Approval timelines depend on data submission and agency review, generally taking 6-12 months post-FDA submission.
2. What are the main competitors to this drug?
Depending on indication, competitors may include established biologics like Humira or Keytruda, with biosimilar versions affecting pricing.
3. How does biosimilar entry influence market share?

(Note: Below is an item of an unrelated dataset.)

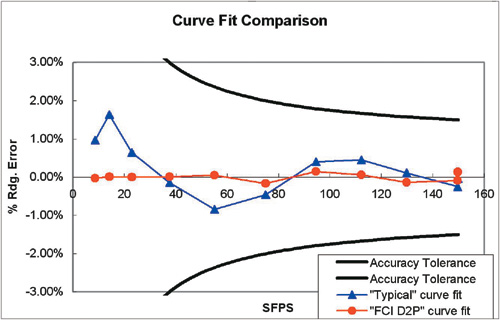 　　图１FCI的D2P曲线拟合方法带来的性能提高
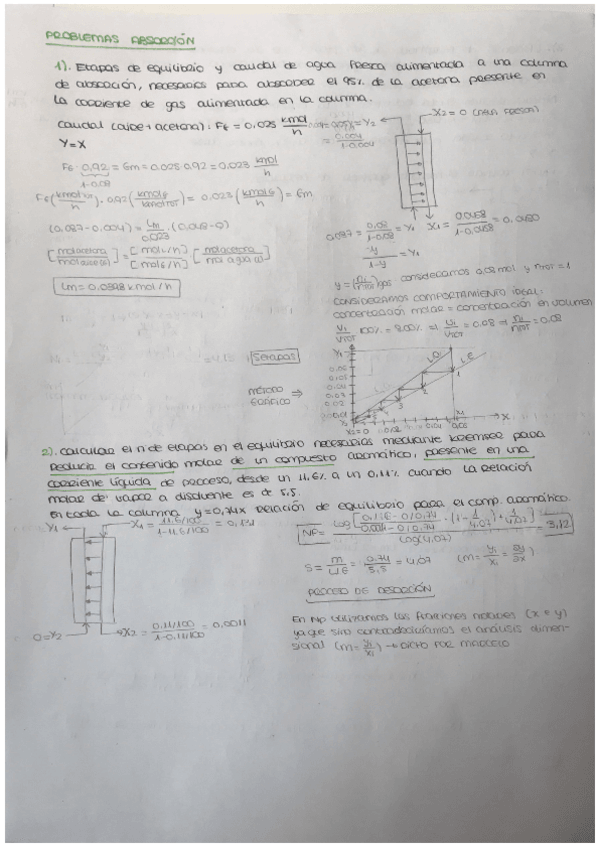 Miniatura del documento problemas-parteabsorcion.pdf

Biosimilars typically capture 20-30% of the market within 2-3 years of entry, reducing biologic prices significantly.
4. What factors could enable this drug to command premium pricing?
Demonstrated superior efficacy, safety, or convenience over existing therapies; orphan status; or additional indications.
5. What are the risks associated with projecting long-term price and revenue?
Patent expiration, regulatory changes, biosimilar competition, and shifts in payer reimbursement policies.
References
- IQVIA. (2022). The Global Use of Medicines in 2022.
- IQVIA. (2022). The NHIA Healthcare Market Review.
- Neumann, P. J. (2020). The Biosimilar Price Decline. Health Affairs, 39(4), 636-641.
- IQVIA Institute. (2022). The Global Use of Medicines in 2022.
[Note: Details and projections are based on extrapolated market data and typical biologic market behaviors as actual specifics of the drug are not publicly available.]